An SSL(Secure Socked Layer) Certificate helps consumers and businesses be more confident and responsible when submitting personal details over a website.
If you sell something online and you process credit card information or other confidential information, you have to use SSL encryption for the data exchange between a client on your website and the server hosting your site.
Data sent via an SSL connection is protected by encryption (128 or 256-bit key), that prevents eavesdropping and tampering with the transmitted information.
What is a SSL Certificate?
Do I Need an SSL for my Website?
How SSL Works?
How SSL works? Any data transmitted between the browser and your website is encrypted before being sent and then decrypted after having being received using the 128 or 256 bit key issued especially for you.

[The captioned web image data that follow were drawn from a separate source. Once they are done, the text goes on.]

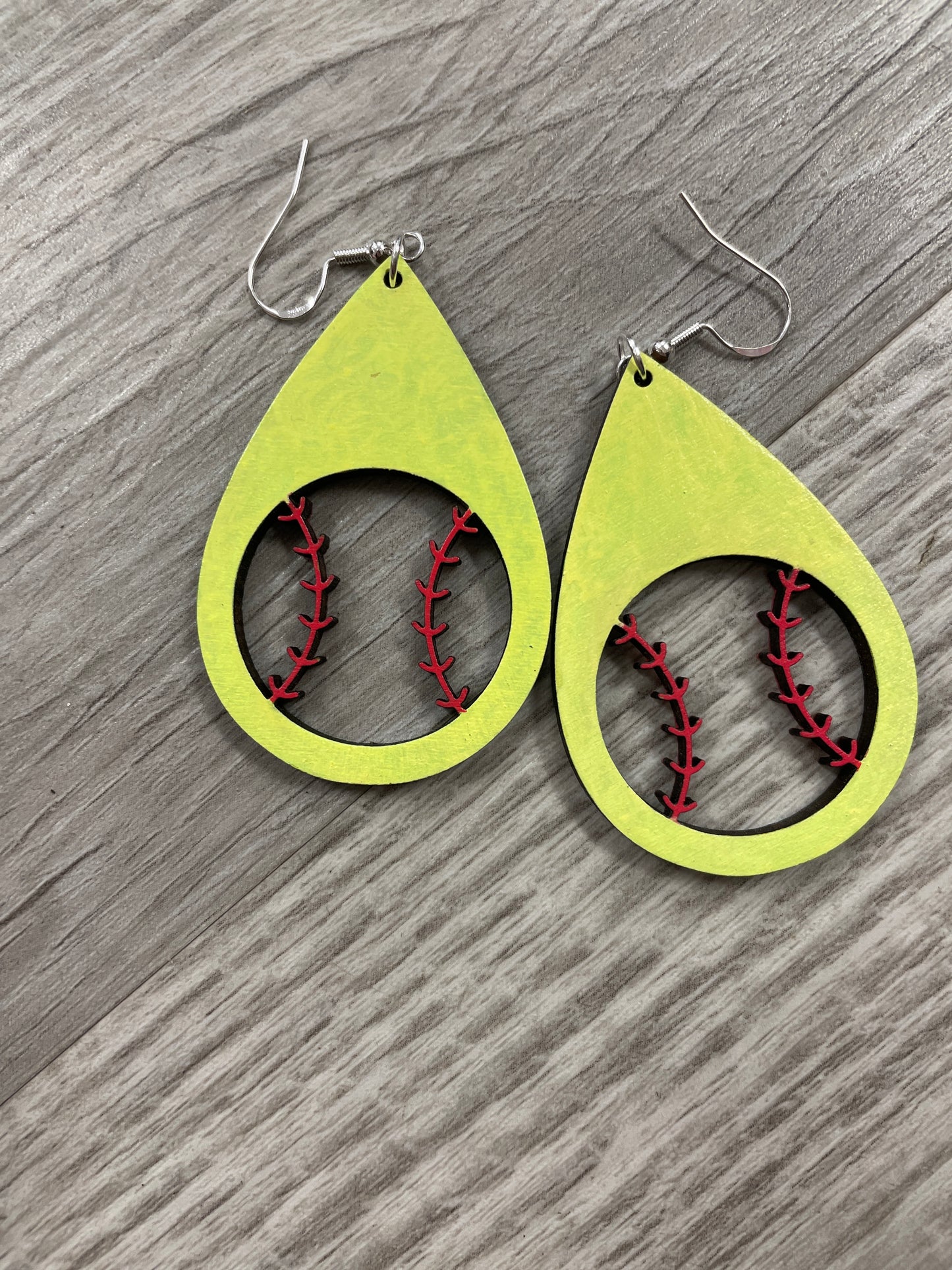 Softball earrings
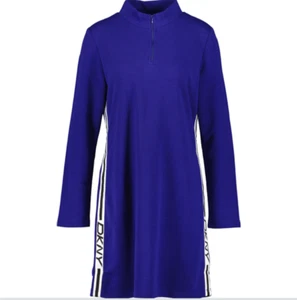 DKNY Sport Women's Blue Long Sleeves Zip Neck Dress Size M - Picture 1 of 4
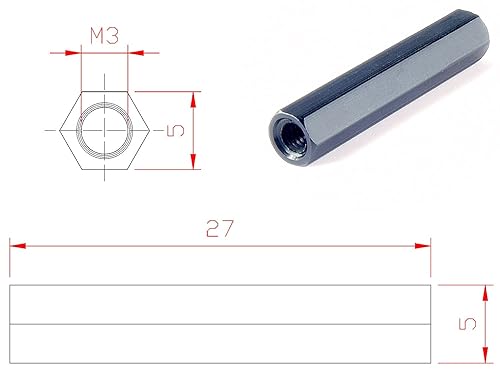 Miniatura 3 de 12 piezas M3 x 1.063in hexagonal de aluminio separador de longitud de columna de 1.063in, 0.394-1.378in disponible para drones de carreras FPV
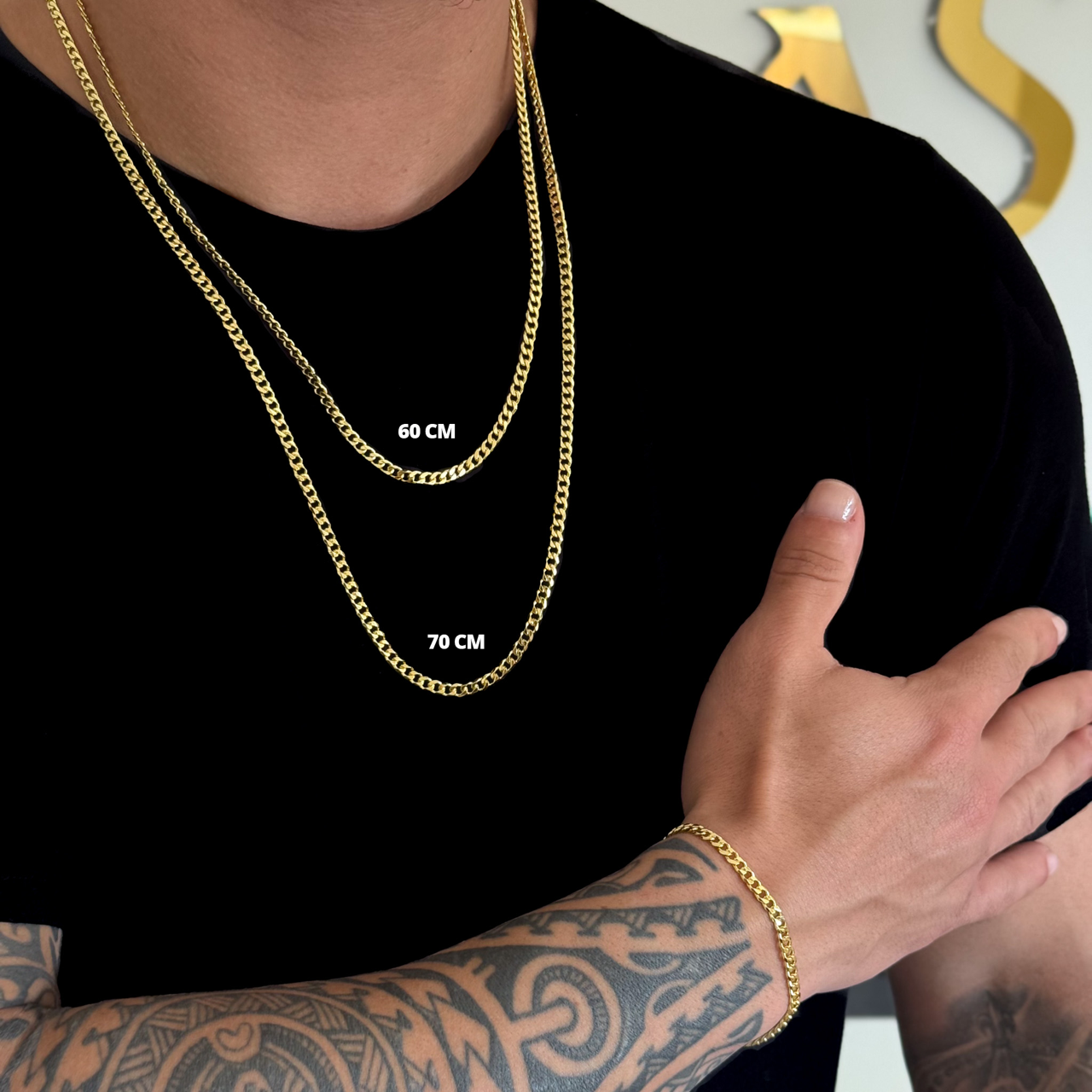 Kit Corrente e Pulseira Grumet 4mm Fecho Duplo Banhado A Ouro 18k
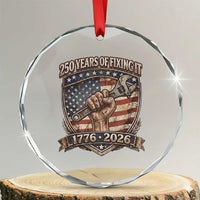 250 Years Of Fixing It Crystal Glass Ornament America 250th Anniversary Mechanic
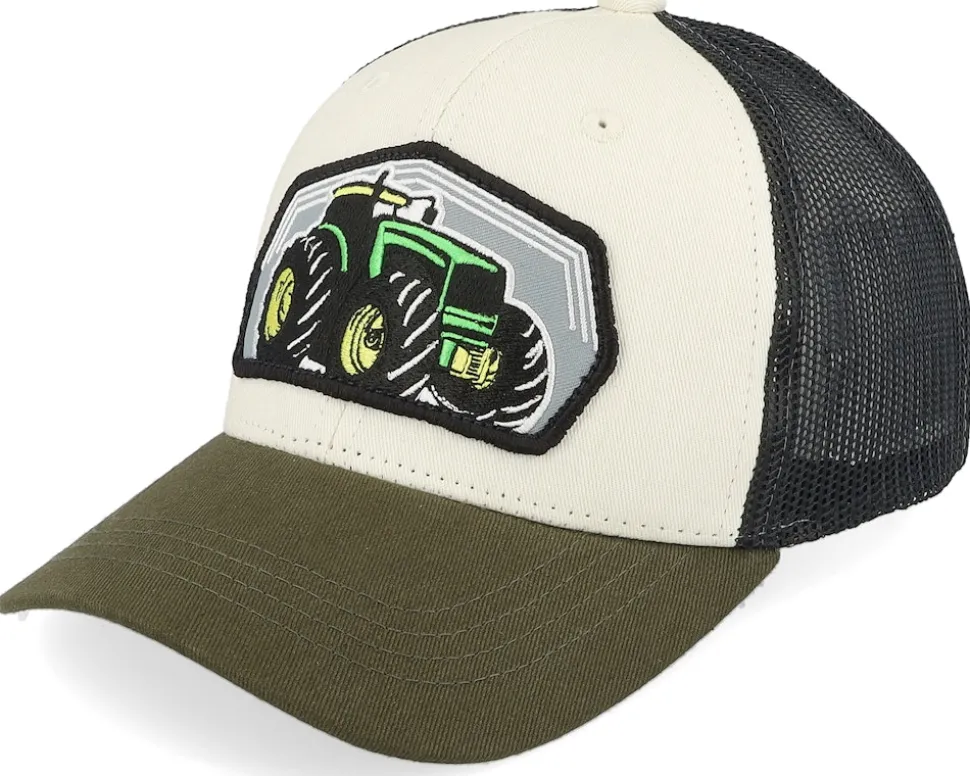 Kids Big Tractor Grey Patch Ivory/Black/Dark Mesh Trucker - Kiddo Cap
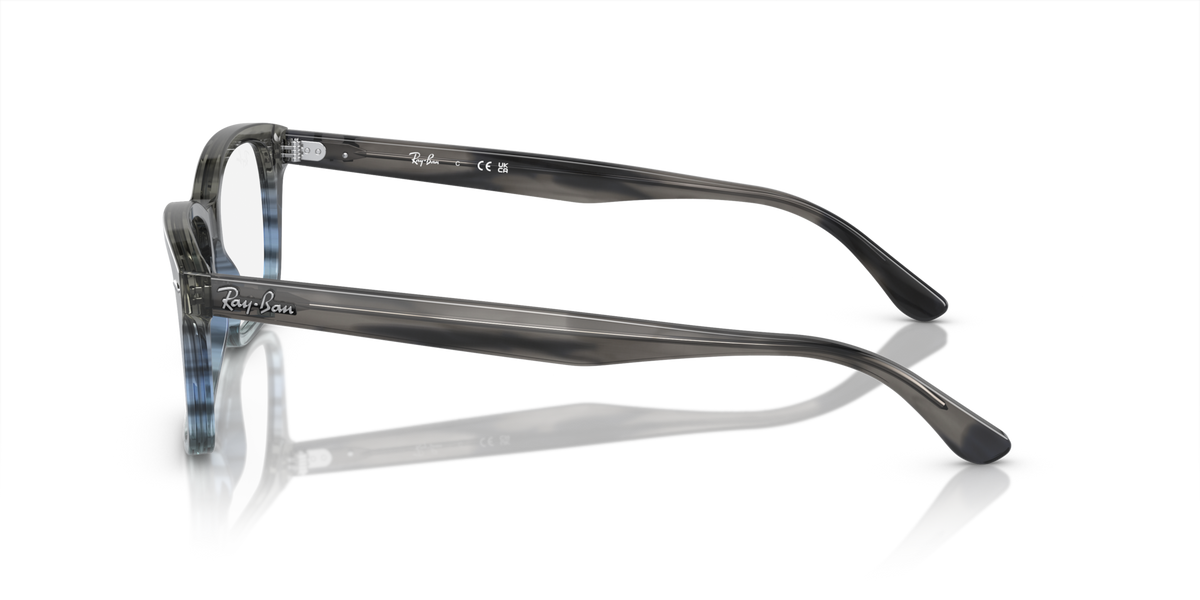 Ray-Ban RX5428 prescription frames, smoke-gray translucent with curved temples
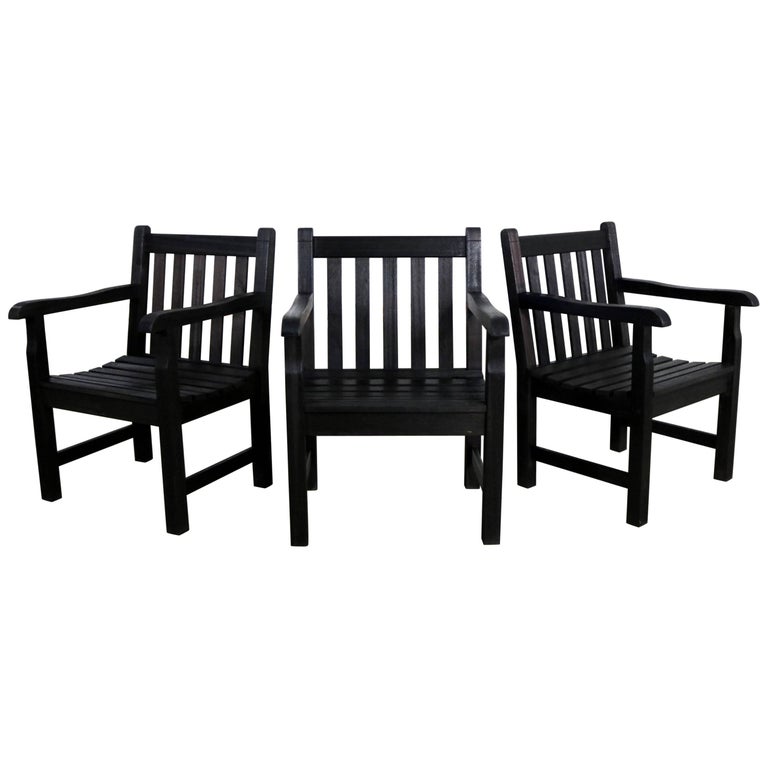 Vintage Windsor Blackened Teak Outdoor Armchairs For Sale At 1stdibs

An SSL certificate is issued by a trusted authority like RapidSSL or GeoTrust and installed specifically for a hostname of your web site (e.g. https://secure.domain.com) where you need an encrypted connection. In that way all the data transmitted between the hostname where your client is submitting personal details and the server (where you web site resides) is encrypted and signed as secured by this trusted SSL issuer.
Ordinarily, when an SSL certificate is issued it is signed to secure a single subdomain of your domain (e.g. secure.domain.com.) Some website owners, however, need more than one subdomain to be secured with an SSL certificate. In this case they have to buy a separate SSL certificate for each subdomain.
What is a Wildcard SSL? It’s a type of SSL that allows securing multiple hostnames of a single domain name on a single server. This is how you can conveniently use one SSL certificate (Wildcard) for all subdomains (*.domain.com). The drawback with a Wildcard certificate is its price, several times exceeding the price of a regular SSL certificate. The advantage of this type of certificate is the fact you have to install and later on maintain only a single SSL certificate. Wildcard SSL certificates are appropriate for large organizations or e-commerce web sites.
What is a Wildcard SSL?
What is the Purpose of SSL?
The Internet went to world wide commercialization in the early 90’s. Since then it has become an integral part of everyday life for billions of people.
Today, many years after the initial steps of the first Internet users, most people know to be cautious when browsing, shopping online or using online services. Most people submitting private details online are looking for a valid and active padlock in the address bar or at the bottom of their browser. Additionally, they check for the https:// in the address bar. If you’re wondering “Do I need SSL certificate for my website?“, you probably do.
Otherwise, you risk visitors leaving it without making a purchase or even signing up for a free service. Today’s users are very security-conscious and they are right to fear submitting payment or personal details over a website that is not secured.
The purpose of SSL is to keep the trust of your users and online buyers. Better security means more sales and better business in general.